Ancient ‘feathered dragon' bird's tail was twice the length of its body
By Stephen Beech
An ancient bird dubbed the "feathered dragon" had some of the longest tail feathers ever found on a fossil.
The newly discovered species displayed its "crazy" tail feathers to attract mates around 120 million years ago, say scientists.
The bird measured just 15 centimeters (5.9 inches) from beak to tail, but its twin tail feathers were nearly 30 centimeters (11.8 inches) long.
The new fossil discovery shows that birds' over-the-top ornamentation dates back to the time of the dinosaurs, according to a study published in the journal PLOS One.
The American research team say the new species of fossil bird, recently discovered in Liaoning, China, had tail feathers twice as long as its body.
It was named Plumadraco, meaning feathered dragon.
Study lead author Alex Clark, a PhD candidate at the University of Chicago, said: "Plumadraco was the size of an American robin, but its tail feathers were about a foot long, twice the length of its body.
"They're some of the proportionally longest tail feathers ever found in a fossil bird."
He explained that birds are the only members of the dinosaur family that didn't die out from the effects of an asteroid hitting Earth 66 million years ago.
But only one group of dinosaur-birds survived the asteroid strike.
The most diverse group of birds alive at the time, the enantiornithines, all died out alongside the non-bird dinosaurs.
Plumadraco lived about 121 million years ago during the Cretaceous Period, well before the big extinction event, but it was part of the enantiornithine group of birds.
Clark came across the fossil on a research trip to China's Shandong Tianyu Museum of Nature with his advisor and co-author Jingmai O'Connor, curator of the Field Museum in Chicago.
As he perused hundreds of fossil birds, one in particular caught his eye.
Clark said: "I saw this little guy, and I did a double-take when I saw the tail feathers.
"I'm really interested in the way birds do displays to attract mates, and I thought that these tail feathers were so crazy, they had to be used for something like that."
Clark and his colleagues analyzed the fossil, comparing it to other enantiornithine birds, and determined that it was a new species to science.
He named it Plumadraco bankoorum - "Banko's feathered dragon" - in honor of the father and son team Winston and Paul Banko, who have dedicated decades to studying and protecting living birds.
Clark's examination of Plumadraco has yielded several theories about what the ancient bird was like in life.
He says the length of the tail feathers indicate that the specimens identified in the study were probably males.
Clark said: "There are many examples of both male and female modern birds with long, showy feathers, but there seems to be this certain threshold where, if feathers reach a certain proportional length, then it tends to be a trait that males have developed in order to attract females.
"Plus, the fossils of some other enantiornithine birds show remnants of muscle tissue along the tail region, and based on those muscles, birds like Plumadraco would have had pretty limited movement for their tails.
"However, they could pump their tail feathers up and down, and that's a behavior that we see across birds today that do courtship displays only in males."
The stiff spines at the center of Plumadraco's tail feathers, and the tapered shape ending with a rounded tip, suggest that males would raise their tail feathers, and the ends of those feathers would move back and forth in a sort of "flickering" motion.
The team also learned about the color of Plumadraco's tail feathers.
Using a handheld mass spectrometer, a chemical instrument that looks similar to a ray gun, they analyzed the chemical makeup of the fossil.

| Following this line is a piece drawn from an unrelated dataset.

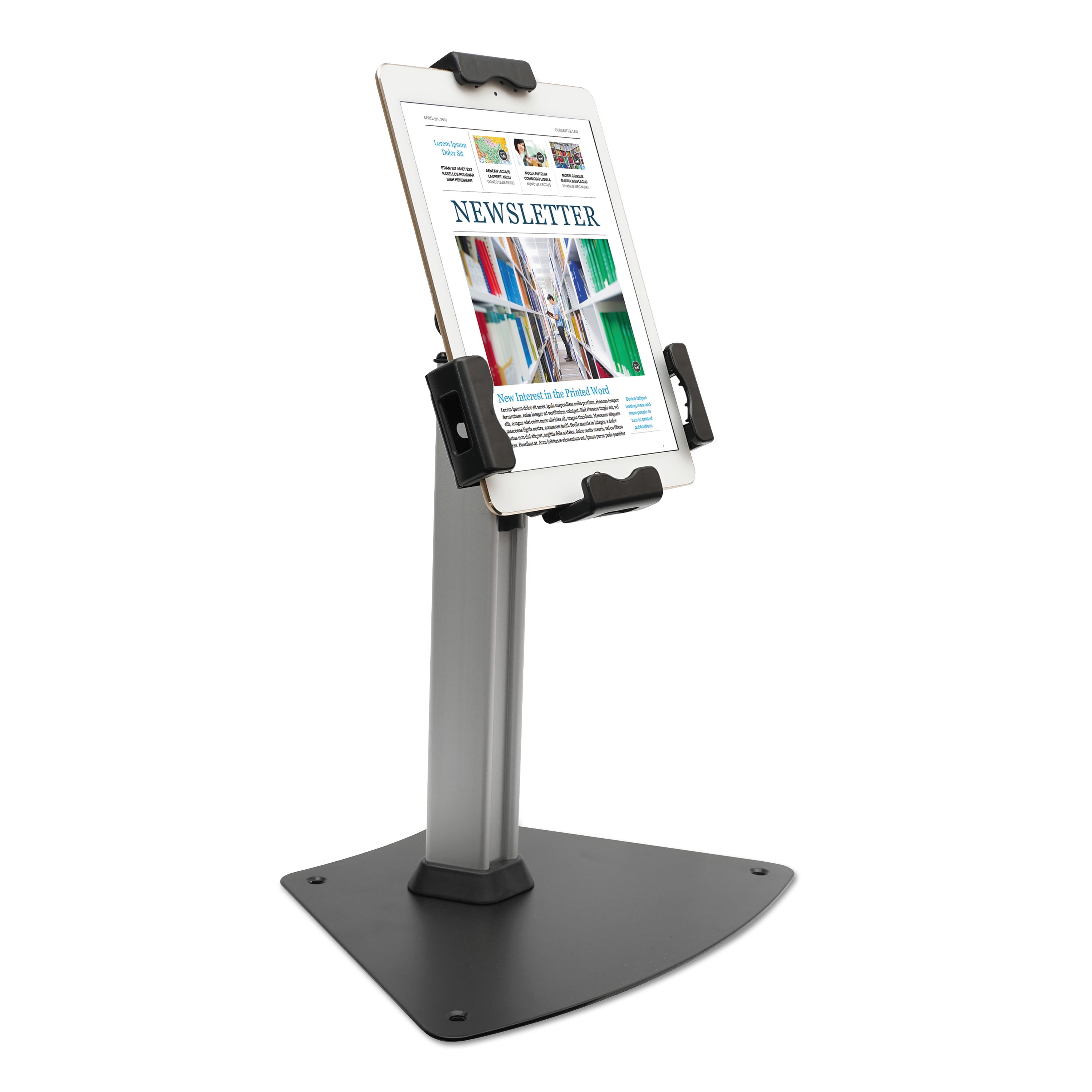 Kantek Tablet Kiosk Desktop Stand for 7" to 10" Tablets, Silver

Based on the concentrations of different chemicals present, the researchers say Plumadraco's feathers were probably dark brown, or black.
They believe it's possible that there was some sort of "eye-catching" color at the tips of its tail feathers - maybe something iridescent or blue, since those colors are produced by the structure of the cells rather than by the pigments whose chemical signatures were measured in the study.
The researchers say the new insights into Plumadraco's physiology and behavior help scientists better understand birds today.
Clark said: "This fossil, maybe more than any other fossil bird that's ever been discovered, shows that birds have been evolving costly, elongate, specialized features to attract mates for a long, long time.
"Based on these fossils, female choice in selecting ornamented males has been playing a huge part in how birds look and behave for more than 120 million years."
He added: "Working with fossil birds like Plumadraco continues to personally demonstrate to me that life is far more complex and richer than what we thought previously.
"To know that at one point in time, about 121 million years ago, this very individual flew through the dawn light with these incredible tail feathers streaming behind it is truly something to marvel.
"Even millions of years after its death, we can still appreciate just how spectacular this species would have looked like in life."